Charles Manson
Convicted mass murderer Charles Manson is shown in this handout picture from the California Department of Corrections and Rehabilitation dated June 16, 2011, and released to Reuters, April 8, 2012. CALIFORNIA DEPARTMENT OF CORRECTIONS AND REHABILITATION HANDOUT VIA REUTERS

Former cult leader Charles Manson, who was hospitalized earlier this week, was too weak to undergo surgery, reports said Friday. The 82-year-old, who inspired his followers to kill seven people in 1969, is serving nine concurrent life sentences for the murders and has been denied parole 12 times.

Manson was admitted at a medical center in Bakersfield, California, for gastrointestinal bleeding Sunday. Doctors wanted to perform the surgery shortly after Manson was admitted but he refused to undergo the procedure.

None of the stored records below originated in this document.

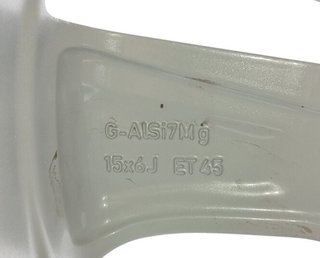 Toyota 2322518 llanta 42611k0030 yaris p21 pa1 ph1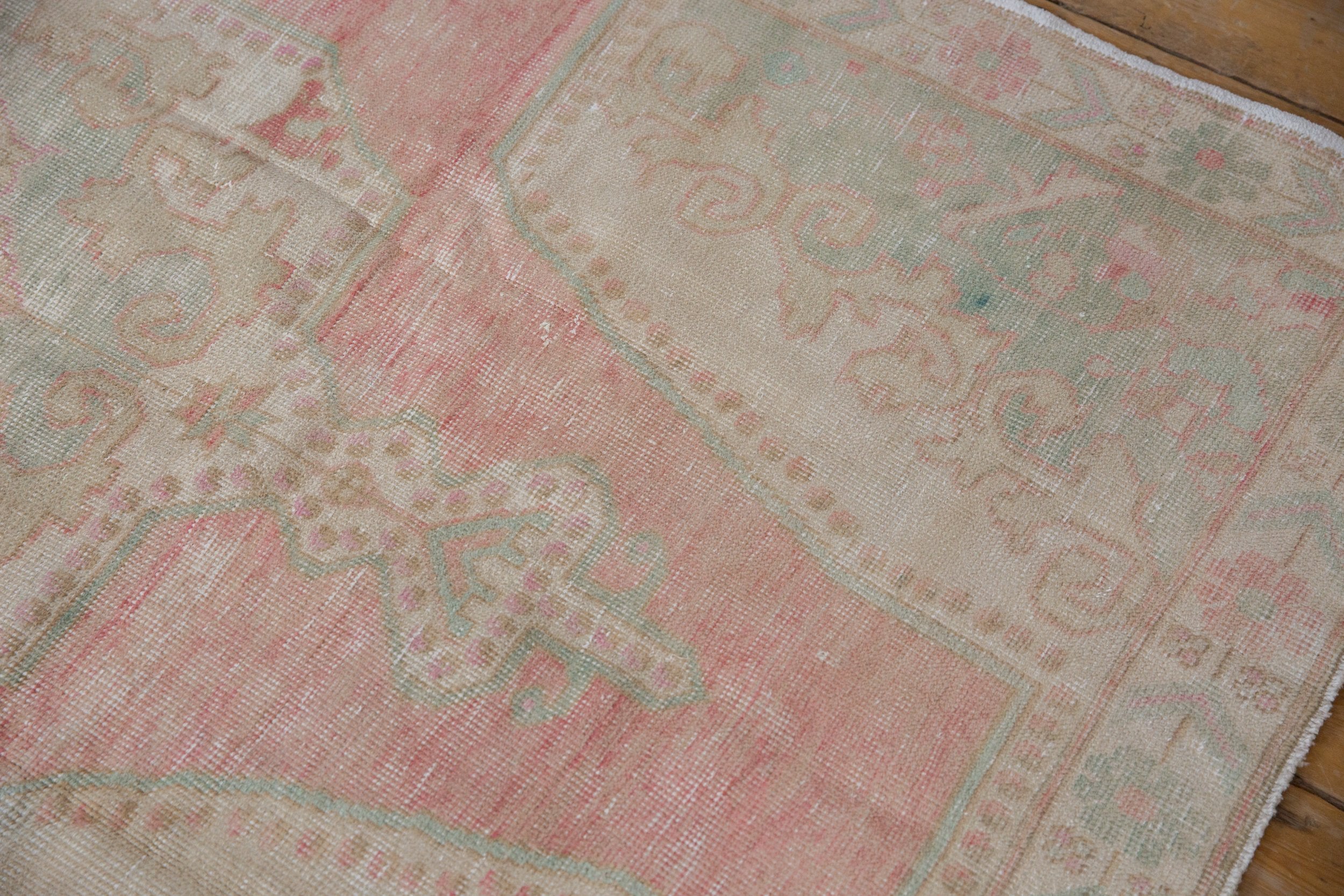 4.5x8 Vintage Distressed Oushak Rug Runner by Old New House® - product image 10 for Resin Society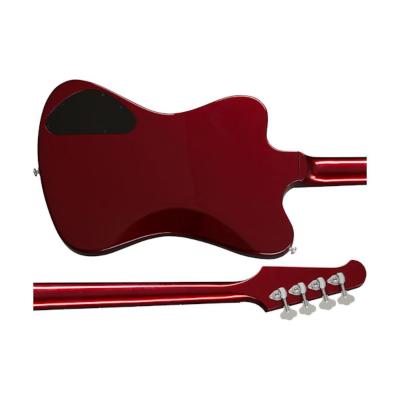 Gibson ギブソン Non-Reverse Thunderbird Sparkling Burgundy エレキベース 背面・ネック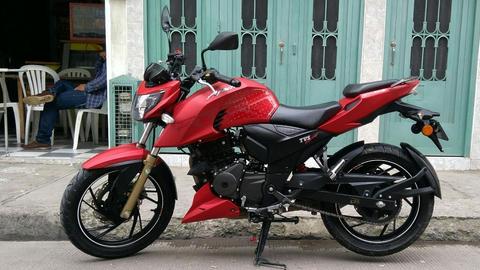 Vendo Moto Apache 200 Excelente Estado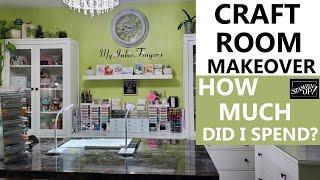  Dream Craft Room Tour | Stamp Room Tour | Craft Studio Tour 2020 | IKEA Craft Room Makeover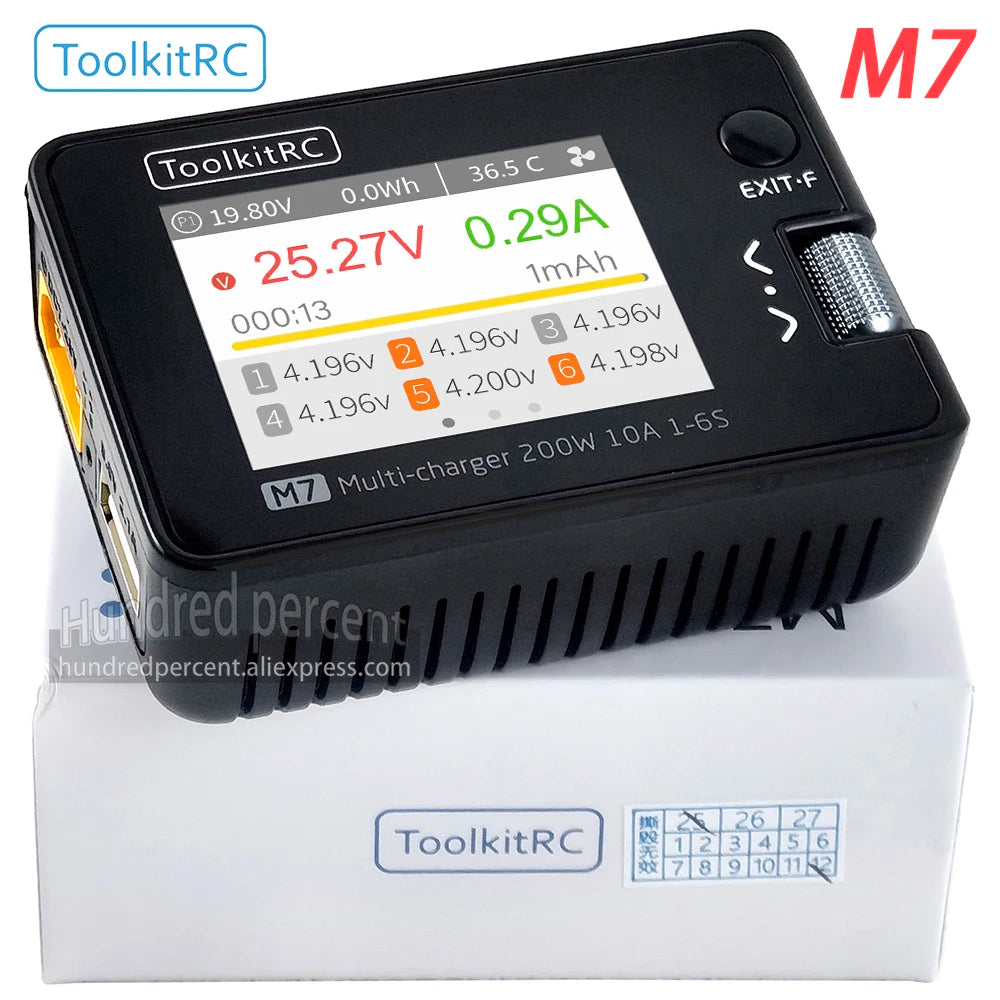 M7 RC Battery Charger and Signal Tool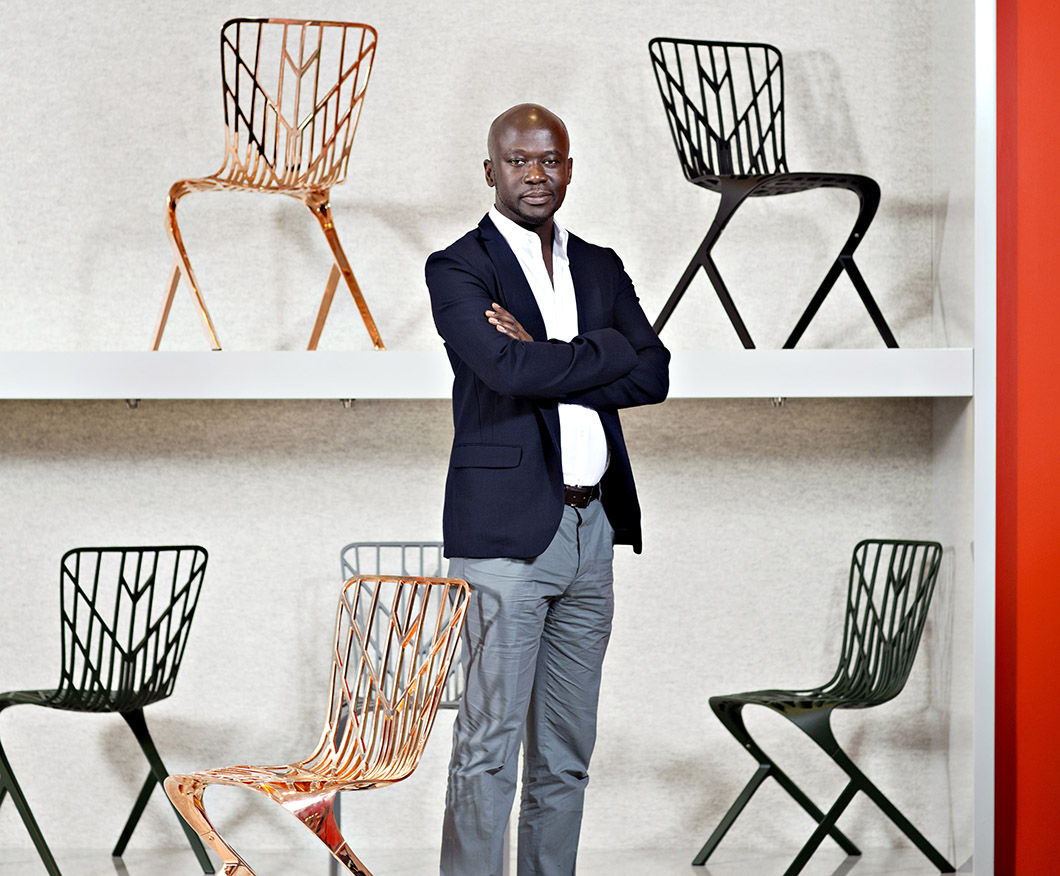 The Skeleton Side Chair by David Adjaye | Knoll Inspiration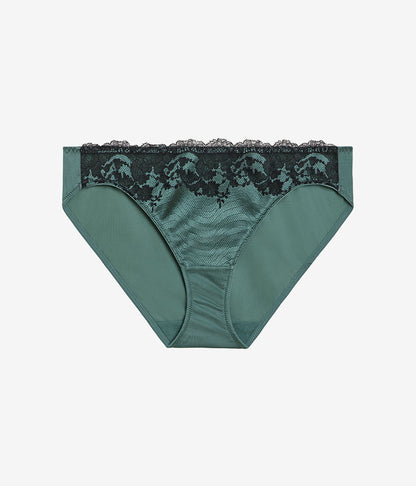 Modern Affair Bikini - Silver Pine/Black | Wacoal Quality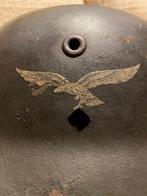 Ww2 german helmet, Verzamelen, Militaria | Tweede Wereldoorlog, Ophalen of Verzenden, Landmacht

TMZ reported the former cult leader later agreed to go under the knife and was scheduled for surgery Thursday but was found too weak for the procedure.

The 82-year-old mass murderer was back behind bars, the Los Angeles Times reported Friday.

“Inmate Manson is at California State Prison-Corcoran,” California Department of Corrections and Rehabilitation spokeswoman Terry Thornton reportedly said.

Manson, who has been in jail since 1971, was convicted of first degree murder and conspiracy, along with three of his followers: Charles “Tex” Watson, Patricia Krenwinkle and Susan Atkins.

The group was convicted of killing the actress Sharon Tate, who was pregnant at the time, her hair stylist Jay Sebring, student Steven Parent, coffee heiress Abigail Folger, writer Wojciech Frykowski, supermarket owner Leno LaBianca and wife Rosemary LaBianca over a span of two days in 1969. Leslie Van Houten was convicted of murdering the LaBiancas.

Charles Manson
Charles Manson talks during an interview, Aug. 25, 1989. Reuters

The 82-year-old has had over 100 violations during his four decades of imprisonment, People Magazine reported Friday. He was also found in possession of three contraband cell phones, had refused to submit a urine sample for a drug test and threatened prison staff.

“He threw hot coffee on a guard and spit on a guard’s face,” retired Los Angeles County prosecutor Stephen Kay told the magazine. “He was a nasty prisoner.” Kay added that Manson “never had any respect for women.”